◆ **REQUIREMENT**
Leave the images aside and repeat the whole listing exactly.

- Opening Delimiter -

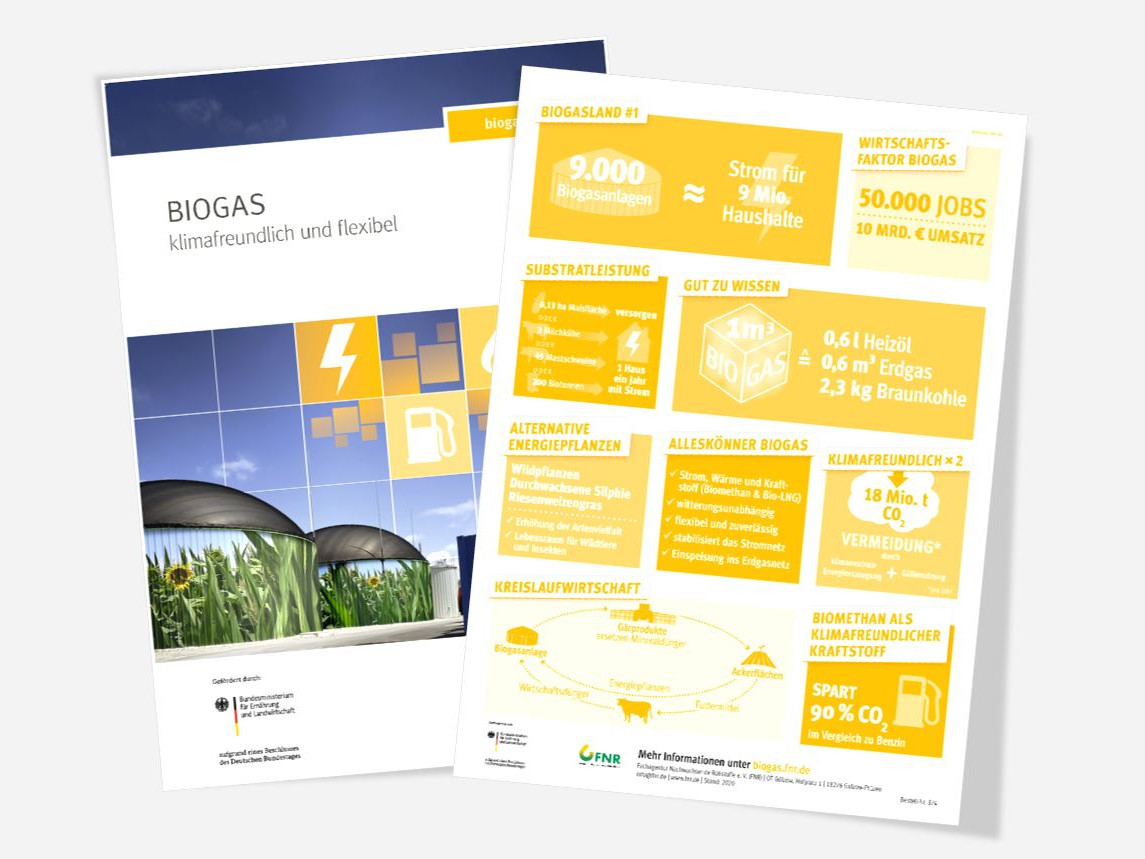 Bild- und Infoseite des Posters "Biogas"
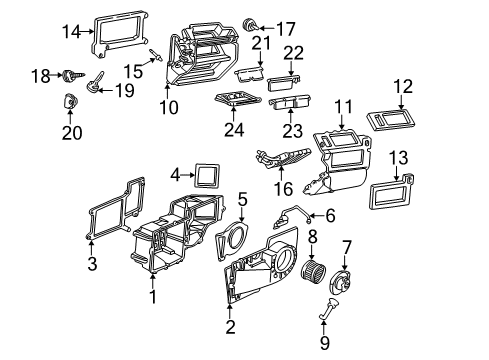 2002 Chevrolet Express 2500 Blower Motor & Fan Temperature Door Actuator Diagram for 89018356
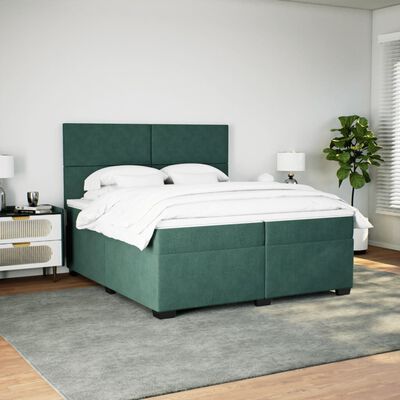 vidaXL Sommier à lattes de lit et matelas Vert foncé 200x200cm Velours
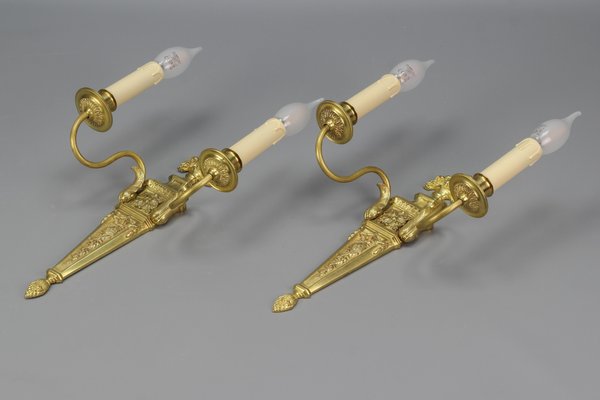 French Louis XVI Style 2-Light Gilt Bronze and Brass Sconces, Set of 2-KEG-1192993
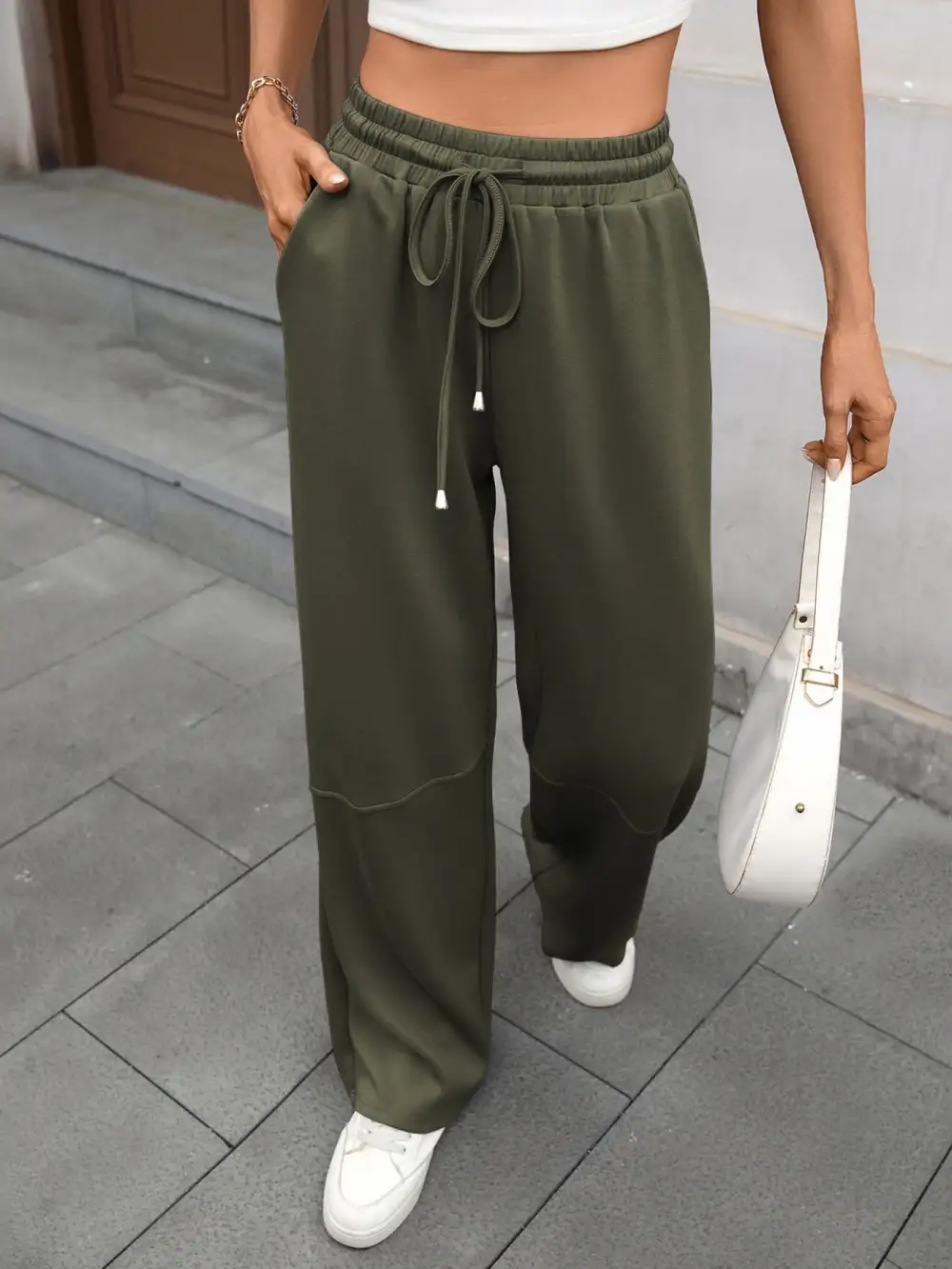 Drawstring High Waist Wide Leg Casual Pants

- Closing Delimiter -

◆ **COMPLETED TASK**
 Bild- und Infoseite des Posters "Biogas"
 2002 Chevrolet Express 2500 Blower Motor & Fan Temperature Door Actuator Diagram for 89018356
 vidaXL Sommier à lattes de lit et matelas Vert foncé 200x200cm Velours
 French Louis XVI Style 2-Light Gilt Bronze and Brass Sconces, Set of 2-KEG-1192993
 Drawstring High Waist Wide Leg Casual Pants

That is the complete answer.